In early 2002 the Roddie family moved to a small village on the Suffolk coast. At the time I was sixteen years old and I didn’t appreciate the move. I felt that I was being taken away from my friends, and I didn’t really apply myself to making new ones during my two year stint at Sixth Form College.

At first I merely saw Suffolk as a stop-off point before University and freedom. But in summer 2002 something changed.

On the 1st of August that year I went on a hike through the forest. Sudbourne is surrounded by woodland on three sides, cut off from the rest of the world, but until that point I hadn’t really ventured into the forest by myself. I planned a ten mile route from our house in Sudbourne to Blaxhall Heath and back. The walk wasn’t anything special in the grand scheme of things — although according to my journal I saw a wild boar — but it had the effect of unlocking something in my mind. I found it astonishing that I had been able to walk ten miles without setting foot outside Tunstall Forest. It occurred to me that on my doorstep awaited a magical land ready for exploration and adventure.

Thus began a period of personal growth. I had always been introverted, quiet, and imaginative. While many young people in their late teens are discovering loud music and girls, I started a process of outdoor awakening that would eventually lead to my passion for mountaineering. (The loud music and the girls came in due course, a few years later.)

Memorable days and nights in the Suffolk Sandlings

The coastline, forests and heaths of the Sandlings form a unique landscape. Its beauty is obvious but its wildness is extremely subtle. There are no mountains here, no vast stretches of pristine wildwood or empty glens. The forests of Tunstall and Rendlesham are owned by the Forestry Commission, and largely consist of managed conifer plantation, thinned and felled on a rotation basis. The scraps of wilder forest that fill the gaps are vanishingly small. A larger collar of untamed birch woodland surrounded my home village of Sudbourne, and it was in “The Birches” that I spent many afternoons, building dens amongst the trees or fashioning stone age weaponry. This is where I developed my love of bushcraft that continues to this day (although nowadays my tool of choice is an Opinel or Mora knife rather than something fashioned out of flint!)

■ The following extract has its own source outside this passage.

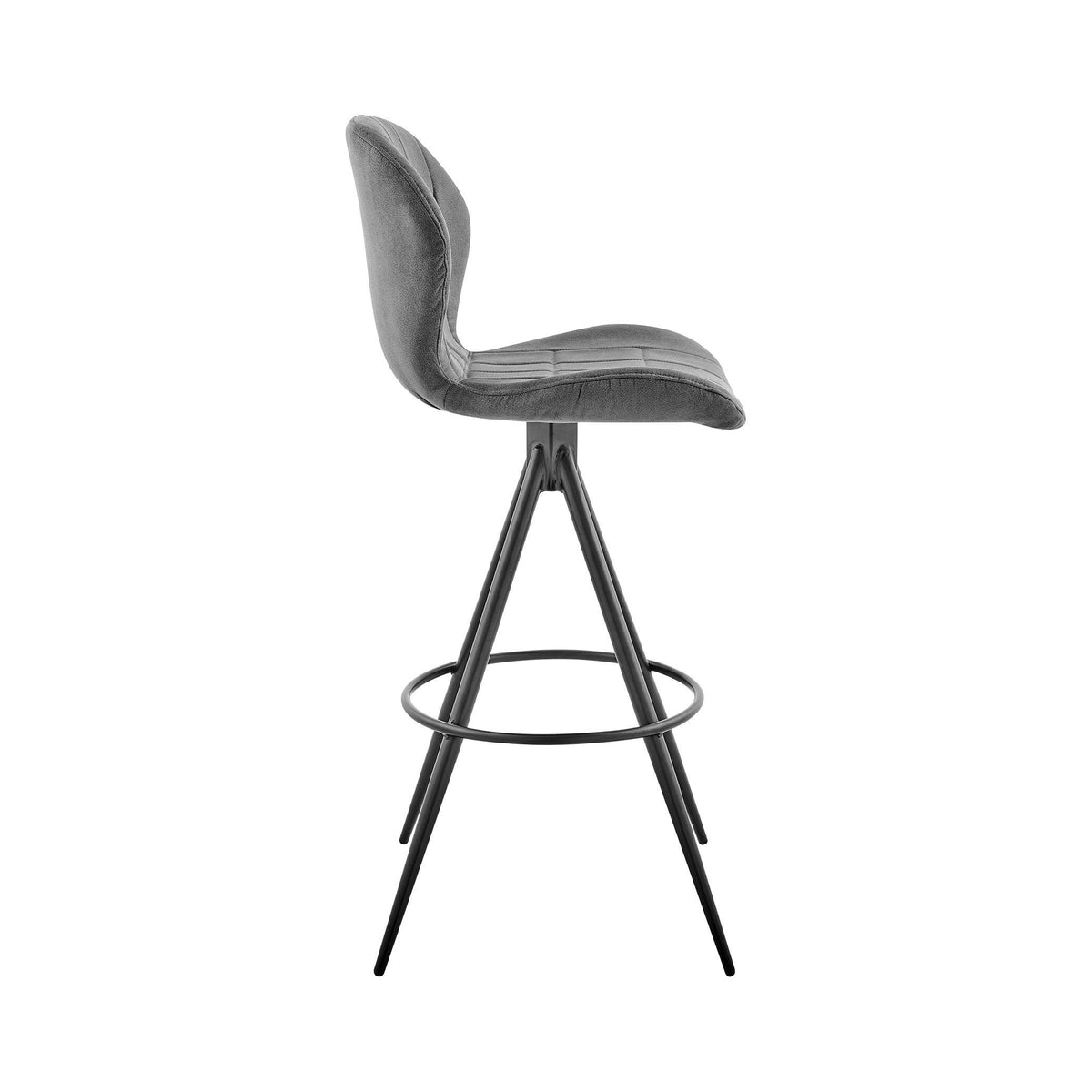 Charcoal Fabric Bar Stool C68927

Even amongst the ordered rows of Sitka Spruce, planted for paper, I found many surprising fragments of wildness.

Beautiful trees are hidden in these woods. Many of them became significant landmarks, and I even gave a few of the grandest trees names. An ancient oak stands at the border of the forest, and I named him the Goblin Oak many years ago for reasons I have now forgotten.

The Goblin Oak in winter
… and in June

I came to understand and appreciate the turning of the seasons, how the rhythm of sunlight and time turns the lime green of June into the burnt shades of August and finally the mellow, bountiful golds that begin to show in October. I learned the secret routes away from the main thoroughfares and discovered hollowed clearings far from any path where I would bivouac for the night with the warmth of an open fire for company.

The author playing with fire
An impromptu bivouac in June 2006

It was a time of deep thought and observation. I went walking and bivouacking most weekends, and I spent the remainder of my free time writing.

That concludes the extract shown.